Tuesday, July 22, 2014
In the eye of the beholder
The late U. S. Supreme Court Associate Justice Potter Stewart once observed that it was difficult to a concise definition of pornography, “but I know it when I see it.”
Goochland has about 21,000 residents who support preservation of the county’s rural character. They too know it when they see it. Arriving at a universally accepted definition is the hard part.
Google offers 261,000,000 possible answers to the query “what is rural”. Terms like bucolic and rustic, which can have positive or negative connotations, pop up often.
Interpretations of local “ruralness” vary.
In Goochland’s affluent east, rural may mean private enclaves of substantial homes on large lots that are maintained according to neighborhood rules. Leash laws, strict architectural review protocols, and rigorously enforced covenants are the norm. Landscaping is manicured, irrigated, and regulated. In spite of generous setbacks to protect the “view shed,” there are a lot of homes here.

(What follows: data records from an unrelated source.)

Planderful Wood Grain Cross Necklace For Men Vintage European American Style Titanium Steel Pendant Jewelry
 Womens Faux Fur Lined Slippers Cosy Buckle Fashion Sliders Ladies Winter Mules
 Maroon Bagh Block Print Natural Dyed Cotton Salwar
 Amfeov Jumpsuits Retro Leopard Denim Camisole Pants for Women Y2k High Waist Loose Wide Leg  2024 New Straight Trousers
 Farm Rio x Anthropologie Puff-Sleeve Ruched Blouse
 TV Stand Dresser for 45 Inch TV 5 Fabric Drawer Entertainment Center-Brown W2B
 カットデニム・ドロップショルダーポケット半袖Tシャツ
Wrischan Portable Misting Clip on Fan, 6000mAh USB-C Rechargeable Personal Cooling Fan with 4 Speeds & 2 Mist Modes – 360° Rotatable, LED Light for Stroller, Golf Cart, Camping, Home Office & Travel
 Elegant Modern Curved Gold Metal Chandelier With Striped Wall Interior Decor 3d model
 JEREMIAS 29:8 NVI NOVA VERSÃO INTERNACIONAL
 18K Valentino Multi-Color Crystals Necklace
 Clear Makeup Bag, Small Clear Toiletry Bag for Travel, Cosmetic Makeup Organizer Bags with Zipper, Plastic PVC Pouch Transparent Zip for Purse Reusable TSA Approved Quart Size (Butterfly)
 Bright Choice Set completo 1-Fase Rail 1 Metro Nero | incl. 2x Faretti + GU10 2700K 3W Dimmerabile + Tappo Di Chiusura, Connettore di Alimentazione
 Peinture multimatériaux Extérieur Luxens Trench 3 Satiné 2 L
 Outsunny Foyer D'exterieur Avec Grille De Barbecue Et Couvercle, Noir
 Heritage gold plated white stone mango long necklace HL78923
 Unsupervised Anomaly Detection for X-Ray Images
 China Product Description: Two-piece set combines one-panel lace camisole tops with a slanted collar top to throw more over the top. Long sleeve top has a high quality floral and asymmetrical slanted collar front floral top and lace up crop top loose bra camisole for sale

Western Goochland is sparsely populated. Folks seeking peace, privacy, and the opportunity to do as they please when they want, settle here. Homes run the gamut from single wides to secluded estates. In general, if you don’t do whatever is it you do in the middle of the road and scare the horses, no one cares.
The rest of the county is somewhere in between physically and attitudinally.
Agricultural pursuits run the gamut from large producers like the Alvis Dairy Farm off of Three Chopt Road near Centerville to small farmsteads that produce a variety of crops. The Lickinghole Creek Farm Brewery fits into this category because some of the ingredients in its beer are grown, almost literally, in the shade of the brew house.
Farmers tend to be hard-working and thrifty. They rarely throw things away and use their ingenuity to repurpose items others would toss in the trash. This treasure in the rough, including vehicles of all sorts that may not run, is accumulated in anticipation of future needs. In the eyes of the folk who live in the manicured enclaves, this is dismissed as unsightly junk that needs to be cleaned up. Eye of the beholder rules apply here.
A few years back, a local ordinance was passed that allows the county to enter and “clean up” property considered an eyesore by its neighbors. The cost becomes a lien against proceeds of any sale of the property. That ordinance could be misused to harass the thrifty, and seems counter to the preservation of rural character.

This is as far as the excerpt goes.